Sie haben zuvor ausgeführt, dass wir im Gegensatz zum Investitionserleichterungsgesetz gerade bei diesem Gesetzentwurf auf die Opposition nicht zugegangen sind. Das empfinde ich als ein starkes Stück, sind wir doch gerade in diesem Bereich unter vehementen Protesten auch teilweise von den eigenen Leuten ganz elementar auf Sie zugegangen.
So haben wir der Durchführung einer Anhörung zugestimmt und deutlich gemacht, dass wir an dem ordnungspolitischen Ziel festhalten, eine Trennung beizubehalten. Aber all das wird nicht gesehen. Wir sind sehr vehement und sehr stark auf Sie zugegangen, sodass ich diesen Vorwurf deutlich zurückweisen möchte.

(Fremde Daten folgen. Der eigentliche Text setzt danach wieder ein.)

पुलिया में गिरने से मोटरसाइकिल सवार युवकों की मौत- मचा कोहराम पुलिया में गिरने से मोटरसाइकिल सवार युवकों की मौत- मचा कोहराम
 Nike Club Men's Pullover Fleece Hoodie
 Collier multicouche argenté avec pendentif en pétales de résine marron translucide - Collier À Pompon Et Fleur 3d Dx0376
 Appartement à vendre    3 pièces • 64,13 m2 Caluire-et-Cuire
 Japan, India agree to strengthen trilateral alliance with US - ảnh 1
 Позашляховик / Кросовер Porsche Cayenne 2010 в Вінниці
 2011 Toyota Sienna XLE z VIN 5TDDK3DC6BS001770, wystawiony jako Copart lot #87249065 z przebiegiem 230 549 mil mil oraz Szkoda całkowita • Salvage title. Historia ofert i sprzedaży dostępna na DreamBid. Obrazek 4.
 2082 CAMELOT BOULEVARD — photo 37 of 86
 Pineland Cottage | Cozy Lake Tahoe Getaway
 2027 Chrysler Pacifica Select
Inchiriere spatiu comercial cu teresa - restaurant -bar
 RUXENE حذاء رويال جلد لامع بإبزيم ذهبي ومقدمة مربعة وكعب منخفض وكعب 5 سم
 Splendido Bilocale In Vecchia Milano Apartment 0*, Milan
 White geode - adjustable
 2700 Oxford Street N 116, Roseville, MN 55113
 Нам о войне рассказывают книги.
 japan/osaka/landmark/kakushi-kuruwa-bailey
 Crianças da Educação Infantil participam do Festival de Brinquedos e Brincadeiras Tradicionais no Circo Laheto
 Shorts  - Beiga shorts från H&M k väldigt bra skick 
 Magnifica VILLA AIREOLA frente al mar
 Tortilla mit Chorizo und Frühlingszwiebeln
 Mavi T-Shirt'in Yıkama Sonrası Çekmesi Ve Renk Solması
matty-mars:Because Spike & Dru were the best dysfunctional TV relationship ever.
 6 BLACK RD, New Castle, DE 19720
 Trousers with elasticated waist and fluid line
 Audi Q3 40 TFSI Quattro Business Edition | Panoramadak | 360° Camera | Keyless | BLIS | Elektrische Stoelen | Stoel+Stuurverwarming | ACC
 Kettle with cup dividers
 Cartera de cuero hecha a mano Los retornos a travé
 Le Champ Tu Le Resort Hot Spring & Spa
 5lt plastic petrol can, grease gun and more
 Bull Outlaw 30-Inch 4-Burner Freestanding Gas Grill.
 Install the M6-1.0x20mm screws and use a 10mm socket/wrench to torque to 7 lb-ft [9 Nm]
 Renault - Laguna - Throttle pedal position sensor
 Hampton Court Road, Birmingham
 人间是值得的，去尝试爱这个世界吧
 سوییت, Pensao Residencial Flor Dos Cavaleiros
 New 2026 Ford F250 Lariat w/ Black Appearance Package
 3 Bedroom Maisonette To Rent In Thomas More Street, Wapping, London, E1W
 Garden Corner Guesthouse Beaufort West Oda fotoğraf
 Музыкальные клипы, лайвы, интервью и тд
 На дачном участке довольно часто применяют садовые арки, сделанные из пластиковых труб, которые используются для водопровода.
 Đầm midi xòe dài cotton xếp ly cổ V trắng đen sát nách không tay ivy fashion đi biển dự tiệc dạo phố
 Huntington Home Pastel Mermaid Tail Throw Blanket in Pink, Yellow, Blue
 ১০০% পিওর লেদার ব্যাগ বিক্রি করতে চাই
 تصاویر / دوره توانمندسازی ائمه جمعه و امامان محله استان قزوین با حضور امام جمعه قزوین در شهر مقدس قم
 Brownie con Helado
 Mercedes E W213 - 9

Sie sprachen sich dafür aus, die Kommunen für die Fernwasserversorgung zuständig zu machen. Auch das halte ich für einen großen Fehler. Gerade die Kommunen sind nicht für die Übernahme der Fernwasserversorgung geeignet, da sie nur beschränkte Zugriffmöglichkeiten, eben auf ihrem Gemeindegebiet, haben. Wollen Sie dafür noch einmal Zweckverbände gründen, die dafür zuständig sein sollen, oder wie soll das laufen? Ich denke, das ist genau der falsche Weg.
Sie haben auch ausgeführt - das ist natürlich richtig -, dass es einen einstweiligen Rechtsschutz gibt, durch den es dem Land zunächst einmal untersagt ist, die gegründete GmbH so zu verkaufen, dass sich die Mehrheitsverhältnisse in den GbRs ändern würden. Das ist richtig. Es ändert aber trotzdem nichts an dem richtigen Ziel, grundsätzlich hoheitliche und private Dinge zu trennen und das ordnungspolitisch auch im Gesetz zu manifestieren.
Ich glaube, dass wir dabei auf jeden Fall auf dem richtigen Weg sind. Auch wenn die tatsächliche Privatisierung erst einmal außen vor steht, haben wir, wie gesagt, ordnungspolitisch den richtigen Schritt gemacht. - Schönen Dank.
Danke, Herr Abgeordneter Kehl. - Für die SPD-Fraktion wird der Abgeordnete Herr Bullerjahn sprechen.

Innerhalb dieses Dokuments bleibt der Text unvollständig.